Would Wittgenstein buy into this theory of learning, do you think? What status would he give to undeveloped word-schemata - perhaps as having the same standing as objective definitions i.e. without meaning until applied?

John”

Sadly Piaget isn’t one of my authors so I spent an evening looking at ‘The Origins of Intelligence in Children’ to try the following quick, but possibly wholly misguided reply.

Schemata for Piaget start with examples such as grasping and develop into more concept-like instances. It is the latter that looks the better link to Wittgenstein but the former may shed light on our options. Let’s take the idea of grasping or ‘prehension’ (a word I seldom use, to be truth). Grasping seems to be something that floats free or successful and unsuccessful cases. That is, one might equally say of an action that it was an unsuccessful attempt at grasping or a successful grasping. Both have something in common. At some philosophical risk, we might use the same word (‘grasping’) for both. If so – and to put the point needlessly paradoxically! – grasping doesn’t reach as far as the world. I mean, there’s no necessary world-involvingness of any instance of ‘grasping’ (on this way of speaking). Grasping can be characterised in terms independent of the world as a free-standing action or event.

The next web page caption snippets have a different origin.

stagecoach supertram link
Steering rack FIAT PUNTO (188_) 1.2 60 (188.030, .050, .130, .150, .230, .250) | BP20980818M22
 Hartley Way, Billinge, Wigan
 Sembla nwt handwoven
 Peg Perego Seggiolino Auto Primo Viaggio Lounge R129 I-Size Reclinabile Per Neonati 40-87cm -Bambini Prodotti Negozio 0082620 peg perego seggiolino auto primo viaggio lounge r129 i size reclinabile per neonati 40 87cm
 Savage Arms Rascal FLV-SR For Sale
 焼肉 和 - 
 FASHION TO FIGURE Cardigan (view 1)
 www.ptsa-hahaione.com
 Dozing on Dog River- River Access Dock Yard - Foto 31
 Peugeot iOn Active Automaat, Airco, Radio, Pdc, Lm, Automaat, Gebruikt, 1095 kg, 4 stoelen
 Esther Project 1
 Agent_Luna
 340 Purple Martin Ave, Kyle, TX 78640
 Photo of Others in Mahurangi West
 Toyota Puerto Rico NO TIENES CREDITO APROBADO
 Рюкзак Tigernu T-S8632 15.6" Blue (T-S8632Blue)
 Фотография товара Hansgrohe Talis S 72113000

In fact, this seems wrong to me. Grasping is a teleological action and hence I think that the root concept is world-involving. If someone were grasping, then they were grasping something and we can ask what. They might try to grasp and fail, in which case we cannot ask what they were grasping with any guarantee of an answer (they may merely might succeed in grasping the wrong thing). What is world-independent and free-standing is the muscle and finger movements that coincide with successful and unsuccessful grasping alike. That inheres in the body and stops at the outer boundary of the skin. But for the moment, let’s loosely talk of ‘grasping’ to mean this and hence in accord with the earlier suggestion that the same word can be used for successful and unsuccessful cases.

Suppose, then, that we imagine a more concept-like schema on the basis of grasping. It too will be world-independent and will be applicable to orientations towards the world of a subject (necessarily an older child) where things go well and badly, where instances fit and where they fail to fit such a concept-schema. It now makes sense to ask how well the schema fits the experiences or the bits of the world experienced by a subject. Just as a grasping action that fits a mug may not work so well with stemmed wine glass, so perhaps a concept-schema for dog fits some instances of dogs better than others. Since it seems right to say that there will be some instances that cause even an experienced language user pause, this picture seems plausible at first.

But what is the analogue of the world-independent grasping action – or the muscle and finger movements that coincide with successful and unsuccessful grasping alike – for a concept-schema? Think of any free-standing mental (or neurological) state and call that the schema, if you like. Because it is free-standing it can exist however it stands to the world so it can cope with good fit, poor fit and lack of fit.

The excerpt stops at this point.